The Court of Appeal has given guidance in Prain v Financial Markets Authority [2016] NZCA 298 on when directors can be said to have taken ‘all reasonable and proper steps’ to procure compliance. This is a key defence under the Financial Markets Conduct Act 2013 and Companies Act 1993.

The background to the case, and the decision of the High Court, is discussed in our February 2016 Financial Regulation Update. In summary, the directors of Apple Fields Limited were charged under the Financial Reporting Act 1993 with failing to file financial statements and an auditor's report for consecutive financial years. The High Court found that an ‘all reasonable and proper steps’ defence was not available: the directors were required not only to take all practical steps to ensure compliance but also to seek ‘comprehensive legal and/or accounting advice as to the range of options available to them when those practical steps did not bear fruit’.

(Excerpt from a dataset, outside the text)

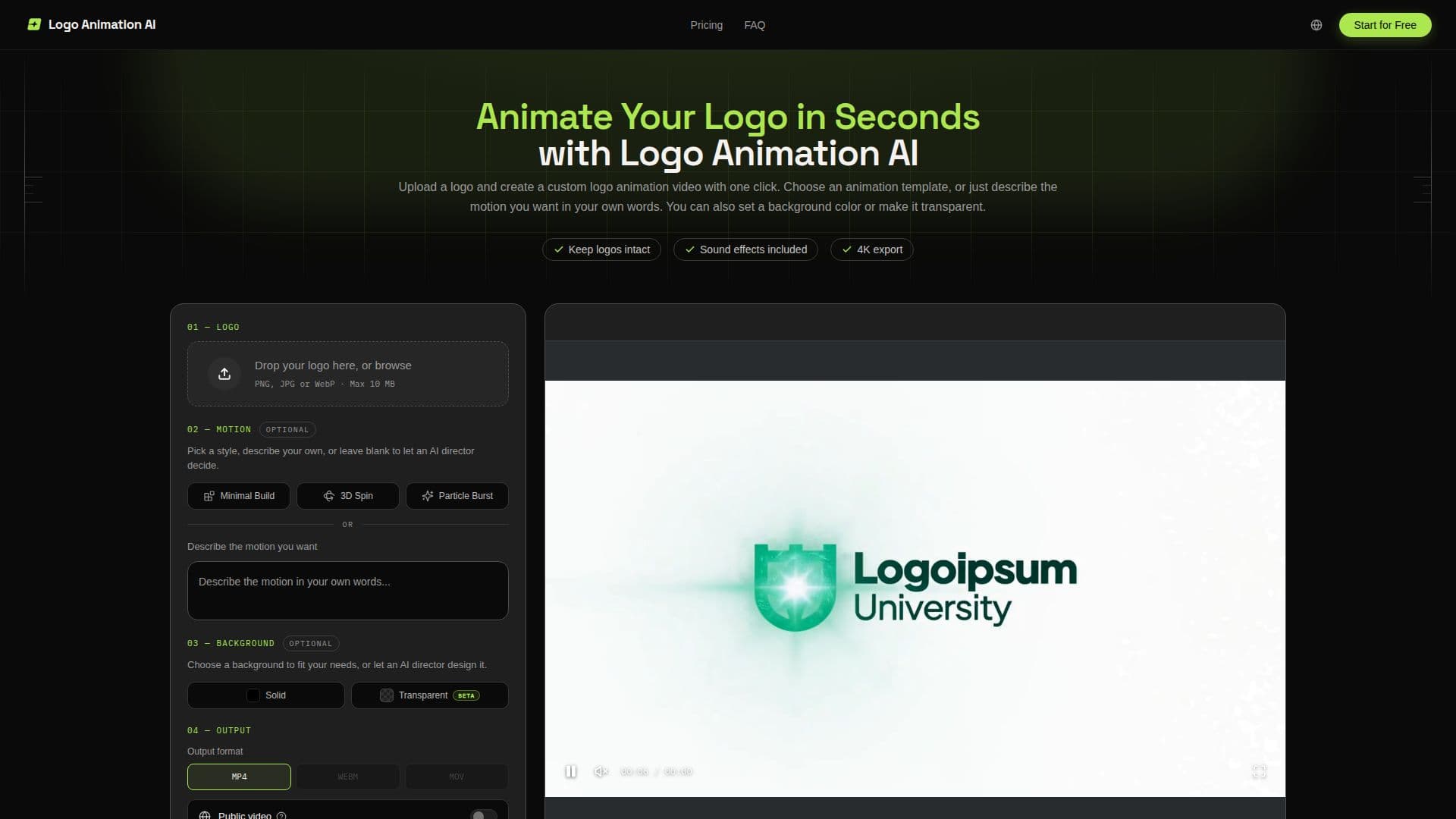 Logo Animation AI screenshot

The Court of Appeal allowed the directors’ appeal. The Court placed significant emphasis on the question of whether taking further accounting and/or legal advice would have produced a different outcome.

  • In relation to the accounting advice, the Court held that the directors must be taken to have acted reasonably where they honestly relied on advice from Apple Fields’ accountant, unless the circumstances required a second opinion to be sought and that second opinion could have resulted in a different conclusion. If directors can prove that the advice they relied on was correct, then it does not matter how few professional opinions were taken.
  • In relation to the question of legal advice, the Court found that there was no reason to suppose that Apple Fields had any legal right that could be exercised to ensure compliance (in this case, to compel its deemed subsidiary to provide its accounts). Accordingly, legal advice would have made no difference and it cannot be said that reasonable and proper steps required that legal advice be obtained.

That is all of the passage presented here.